Opinión Nacional

La violencia es un torbellino sin fin

La violencia es el arma de los que no tienen razón. Sin embargo, en la medida en que la sociedad permita que ésta se instaure permanentemente resultará cada día más difícil erradicarla.

La violencia que se viene desarrollando en Venezuela tiene características similares a las de un tornado. Empieza poco a poco generada por unos desadaptados sociales, a sueldo de un proyecto político cada día más indefinido y nebuloso, para luego coger fuerza y transformarse en una violencia generalizada y sin propósito. Como la que se pudo observar a las puertas del máximo tribunal de justicia de la República.

Lo grave de esta violencia sin control es que ya no sólo involucra a ciertos adeptos al régimen y algunos de la oposición, sino que además contagia las propias fuerzas de seguridad del Estado. Como por ejemplo, el caso de la bomba lacrimógena arrojada con premeditación y alevosía por un Guardia Nacional, que no quiso dar la cara, contra un grupo pacífico de observadores que conversaban con la defensoría del pueblo.

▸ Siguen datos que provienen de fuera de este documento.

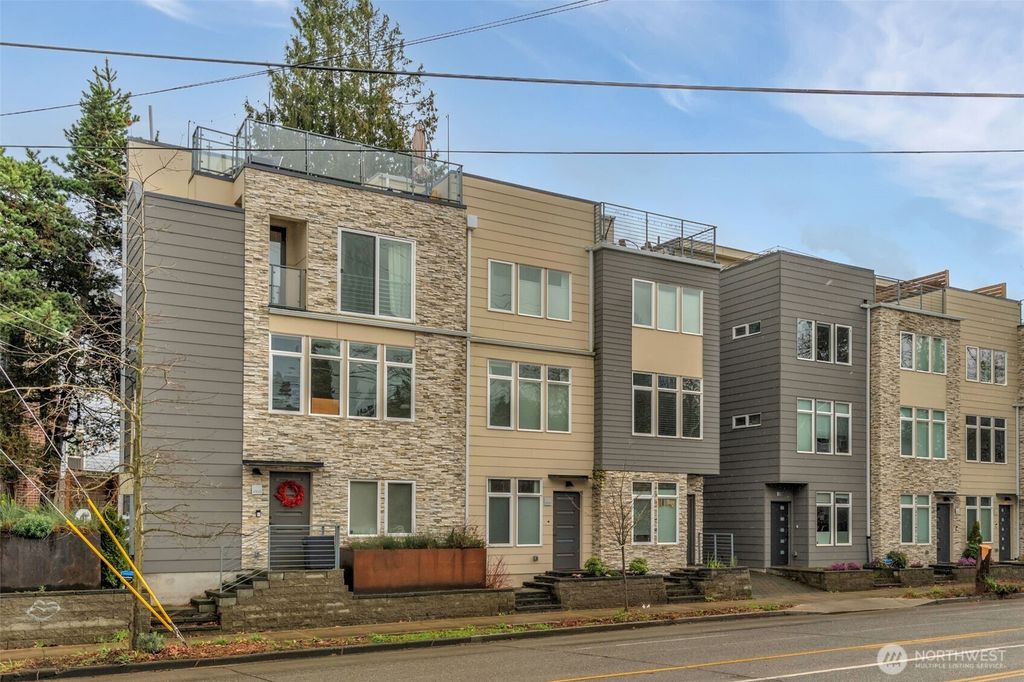 Photo of 4764 Green Lake Way N, Seattle, WA 98103 (MLS # 2339853)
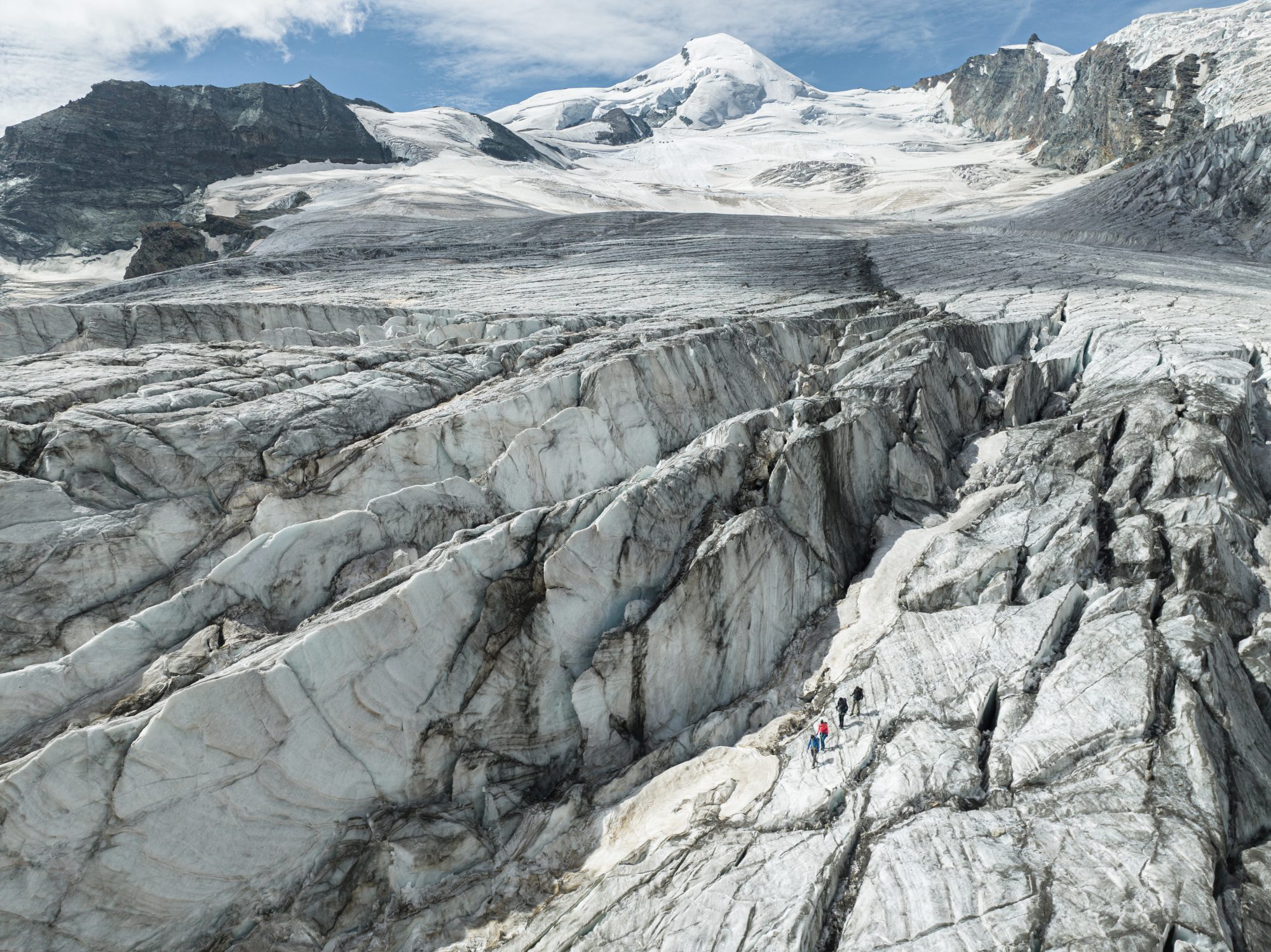 hiking-saas-fee-saastal-switzerland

La violencia crece como un tumor maligno en una nación como la venezolana, que ha sido históricamente un país pacífica. Es verdad que había signos de grave deterioro social, como lo expresan las cifras trágicas de asesinatos que ocurren cada fin de semana. No obstante, había un optimismo subyacente sostenido en que de producirse los cambios necesarios en la conducción del Estado, las condiciones socioeconómicas de la población mejorarían. En consecuencia se establecería un clima de confianza que permitiría enfrentar y erradicar los principales males sociales, que impiden que Venezuela se convierta en una nación próspera y moderna.

Hoy vemos con horror como gente de naturaleza pacífica contempla como un mal necesario una posible guerra civil. El clima político enrarecido en el que vivimos, la recesión económica y la perdida de la esperanza en la mayor parte de la población constituyen, lamentablemente, un caldo de cultivo favorable a las soluciones desesperadas para lograr aminorar la angustia que no permite vivir en paz.

Es obvio que la guerra civil no es una solución. Baste recordar lo que le costó eso a la sociedad española, salvadoreña, nicaragüense y le sigue costando a Colombia. La guerra no corrige nada. Sólo destruye y siembra heridas difíciles de sanar. Lo grave es que hay personas que la ven como un proceso necesario de redención social. Es decir, vendría a ser una forma de expiación colectiva para curarnos de los vicios de esta sociedad sin remedio. Tantos utópicos han desfilado por el camino de crear la sociedad perfecta sobre las cenizas del antiguo régimen para que luego el tiempo, una vez superado el furor revolucionario, ponga de nuevo las cosas en su lugar. En el fondo estos “revolucionarios” son los eternos parteros del bonapartismo. Alguien dijo una vez que la naturaleza aborrece el vació, en verdad lo que la sociedad no soporta es el caos permanente y por lo tanto después de un tiempo de violencia desorganizada viene inevitablemente un orden violento.

No sé si en verdad hay una voluntad de los principales actores políticos y militares del país en buscar una salida pacífica y racional a la crisis que nos envuelve como en un torbellino sin límites. Pienso que tristemente prevalece aún aquel adagio popular que “en río revuelto ganancia de pescadores”. El diálogo concebido como una fórmula oportunista para conservar el poder, en un «quitate tú que me pongo yo», no conducirá a ningún sitio sino a la aceleración del tornado de la violencia que sí nos llevará, después de causar mucho daño, a un nuevo orden político en que la gran perdedora será la libertad.